Life insurance companies’ liabilities on joining consolidated group

713-511 Treatment of certain liabilities for income year when life insurance company joins consolidated group

(1) This section affects how paragraph 320-15(1)(h) and section 320-85 apply if:

(a) a *life insurance company becomes a *subsidiary member of a *consolidated group at a time (the joining time); and

(b) just before the joining time, the life insurance company had one or more liabilities under the *net risk components of life insurance policies.

Note: Paragraph 320-15(1)(h) and section 320-85 both operate on the basis of a comparison of the value of the company’s liabilities under the net risk components of life insurance policies at the end of the current year with the value of those liabilities at the end of the previous year, so that:

(a) that paragraph includes an amount in the company’s assessable income for the current year if the value at the end of the current year is less than the value at the end of the previous income year; and

(b) that section allows a deduction for the current year if the value at the end of the current year is more than the value at the end of the previous income year.

(2) The object of this section is to ensure that the *head company of the *consolidated group bears the income tax consequences relating to a change in *value of the liabilities only after the joining time.

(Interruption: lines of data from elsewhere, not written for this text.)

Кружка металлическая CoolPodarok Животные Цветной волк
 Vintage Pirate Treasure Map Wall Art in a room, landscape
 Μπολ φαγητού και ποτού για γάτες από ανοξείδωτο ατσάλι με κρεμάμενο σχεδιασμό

Note: The life insurance company bears the income tax consequences relating to a change in value of the liabilities before the joining time, because section 701-30 ensures that paragraph 320-15(1)(h) and section 320-85 apply in relation to a part of the income year before that time when the company was not a subsidiary member of a consolidated group as if that part were an income year.

(3) Paragraph 320-15(1)(h) and section 320-85 apply for the head company core purposes set out in section 701-1 (Single entity rule) as if the *value of the liabilities at the end of the last income year ending before the joining time were the value of the liabilities (for the *life insurance company) just before the joining time.

22 Before section 713-515

Insert:

Tax cost setting rules for life insurance companies joining consolidated group

23 Section 713-515 (heading)

Repeal the heading, substitute:

713-515 Certain assets taken to be retained cost base assets where life insurance company joins group

24 Section 713-520 (heading)

Repeal the heading, substitute:

713-520 Valuing certain liabilities where life insurance company joins group

25 Sections 713-525 and 713-530

Repeal the sections, substitute:

713-525 Obligation to value certain assets and liabilities at joining time

Division 320 has effect as if the time when a *life insurance company becomes a *subsidiary member of a *consolidated group were a *valuation time for the purposes of sections 320-175 and 320-230.

Note: This means that there must be a valuation of the virtual PST assets and virtual PST liabilities under section 320-175 (with the consequences set out in section 320-180), and a valuation of the segregated exempt assets and exempt life insurance policy liabilities under section 320-230 (with the consequences set out in section 320-235), as at that time.

Losses of life insurance companies joining consolidated group

713-530 Treatment of certain losses of life insurance company

(1) This section applies if:

(a) a *life insurance company becomes a *member of a *consolidated group at a time (the joining time); and

(b) just before the joining time, the life insurance company had either:

(i) a *tax loss of the *complying superannuation class; or

(ii) a *net capital loss from *virtual PST assets.

(2) This Act operates (except so far as the contrary intention appears) for the purposes of income years ending after the joining time as if:

(a) the *head company of the *consolidated group had made the loss for the income year in which the joining time occurs; and

(b) the *life insurance company had not made the loss for the income year for which it made the loss.

(3) The *head company is not prevented from *utilising the loss for the income year in which the joining time occurs merely because this Act operates as if the head company had made the loss for that year.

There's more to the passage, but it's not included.